JuliaServices / AutoHashEquals.jl

A Julia macro to add == and hash() to composite types.
Other
57 stars 12 forks source link

Add `typeseed=e` parameter to `@auto_hash_equals`. #44

Closed gafter closed 1 year ago

gafter commented 1 year ago

Specifying the "type seed"

When we compute the hash function, we start with a "seed" particular to the type being hashed. You can select the seed to be used by specifying typeseed=e.

The seed provided (e) is used in one of two ways, depending on the setting for typearg. If typearg=false (the default), then e will be used as the type seed. If typearg=true, then e(t) is used as the type seed, where t is the type of the object being hashed.

This PR also adds a default type seed that is stable from 1.6 through 1.10.

codecov[bot] commented 1 year ago

Codecov Report

:exclamation: No coverage uploaded for pull request base (master@81ebfb3). Click here to learn what that means. Patch has no changes to coverable lines.

Additional details and impacted files ```diff @@ Coverage Diff @@ ## master #44 +/- ## ========================================= Coverage ? 92.50% ========================================= Files ? 3 Lines ? 280 Branches ? 0 ========================================= Hits ? 259 Misses ? 21 Partials ? 0 ```

:umbrella: View full report in Codecov by Sentry.
:loudspeaker: Have feedback on the report? Share it here.

gafter commented 1 year ago

@mcmcgrath13 I think I have addressed all of your concerns.

ORBAT commented 1 year ago

Why not change the default "type seed" to be something more sensible if hashing types is generally fraught with problems?

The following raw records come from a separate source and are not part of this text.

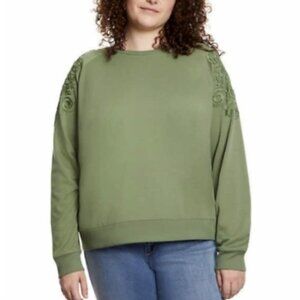 Torrid Green Crew Neck Sweater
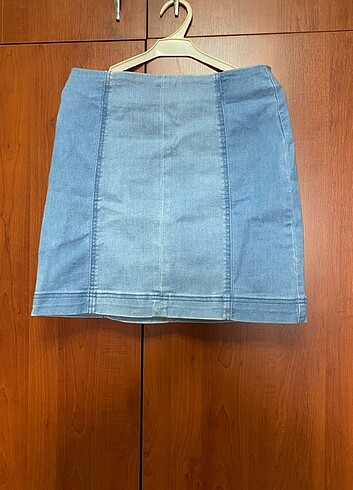 Kadın Jean denim kot etek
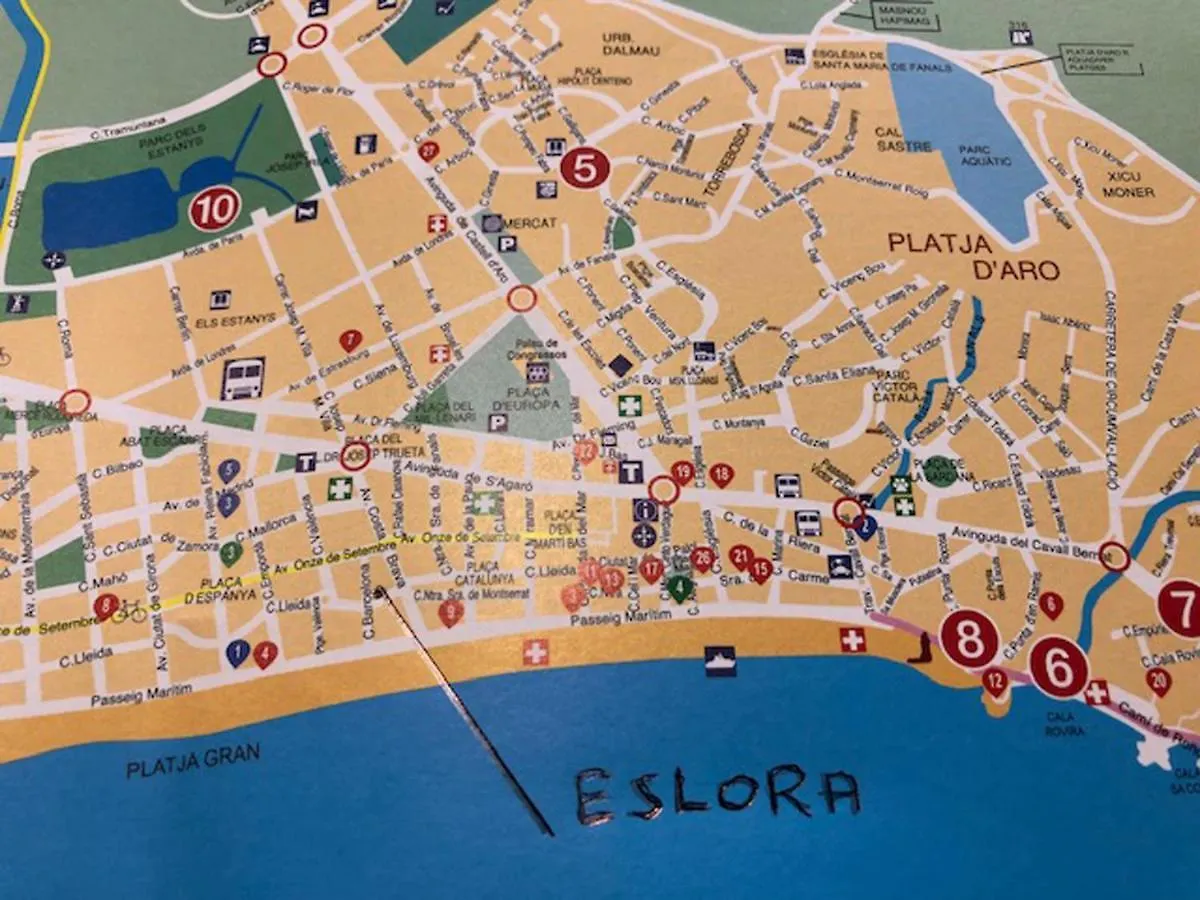 Vakantiehuis Eslora - Playa De Aro Villa Castell-Castell-Platja d'Aro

I'd rather have more correct behavior out of the box than have to specify a "type seed" separately for every type I use this with.

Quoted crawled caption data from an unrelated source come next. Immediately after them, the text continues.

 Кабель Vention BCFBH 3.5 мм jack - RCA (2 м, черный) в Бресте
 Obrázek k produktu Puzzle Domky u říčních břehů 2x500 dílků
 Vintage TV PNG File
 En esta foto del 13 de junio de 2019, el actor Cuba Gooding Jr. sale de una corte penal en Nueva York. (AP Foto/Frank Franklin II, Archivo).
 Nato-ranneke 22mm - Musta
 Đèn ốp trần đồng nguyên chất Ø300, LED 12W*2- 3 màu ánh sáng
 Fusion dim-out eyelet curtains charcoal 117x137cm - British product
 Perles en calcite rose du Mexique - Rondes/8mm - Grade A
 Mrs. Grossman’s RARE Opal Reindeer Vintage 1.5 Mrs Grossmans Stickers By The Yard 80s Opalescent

gafter commented 1 year ago

@ORBAT If we change the default then it would be a breaking change (i.e. change the computed hash value) for all clients. The current default seed is the hash of the symbol which is the type's name. Assuming the hash of a Symbol is stable, which it appears to be, that is stable and only collides for types with the same simple name. So I think the default is a reasonable default. Having said that, some clients might want a different default, and that is why this option is being provided.

ORBAT commented 1 year ago

@gafter ah true, the type is only hashed when typearg=true.

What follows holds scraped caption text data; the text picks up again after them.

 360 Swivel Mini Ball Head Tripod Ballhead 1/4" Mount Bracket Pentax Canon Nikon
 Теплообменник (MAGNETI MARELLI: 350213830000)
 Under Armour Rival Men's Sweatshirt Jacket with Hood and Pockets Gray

But still, would it be worthwhile in those cases to seed the hash with something along the lines of hashfn(:MyType, hashfn(:Vector, hashfn(:Int))) for the type MyType{Vector{Int}}, to be consistent with how the hash is seeded in other cases? Especially if the assumption is that people rely on the hashes being stable between package versions? At least Base.hash(MyType{Vector{Int}}) will change every time MyType is recompiled (or Vector's hash changes), and the same would apply to any custom hash function that does something like what Base.hash does (or outright uses it). hashfn(:MyType, ...) would be stable as long as hashfn(::Symbol) is stable. Seems like least cases where hashfn=Base.hash typearg=true could change the default seed, as that'd arguably be a bug fix and not a breaking change, as any guarantees about stability are out with those options anyhow?

gafter commented 1 year ago

@ORBAT That's a great idea. Let me think about whether it should be done in this PR or separately (before registering a new version).

gafter commented 1 year ago

@ORBAT @mcmcgrath13 I've added a new commit to this PR that implements @ORBAT's suggestion. Please have a look!

gafter commented 1 year ago

But still, would it be worthwhile in those cases to seed the hash with something along the lines of hashfn(:MyType, hashfn(:Vector, hashfn(:Int))) for the type MyType{Vector{Int}}

That is exactly what typearg turns on or off. When it is off, we definitely do not want to include the type arguments in the hash, otherwise objects that test equal would have different hashes, which violates their invariants.

Seems like least cases where hashfn=Base.hash typearg=true could change the default seed, as that'd arguably be a bug fix and not a breaking change, as any guarantees about stability are out with those options anyhow?

We do change the seed in that case, based on your advice. With this PR, the seed doesn't ever use the specified hash function, but uses the new type_seed function.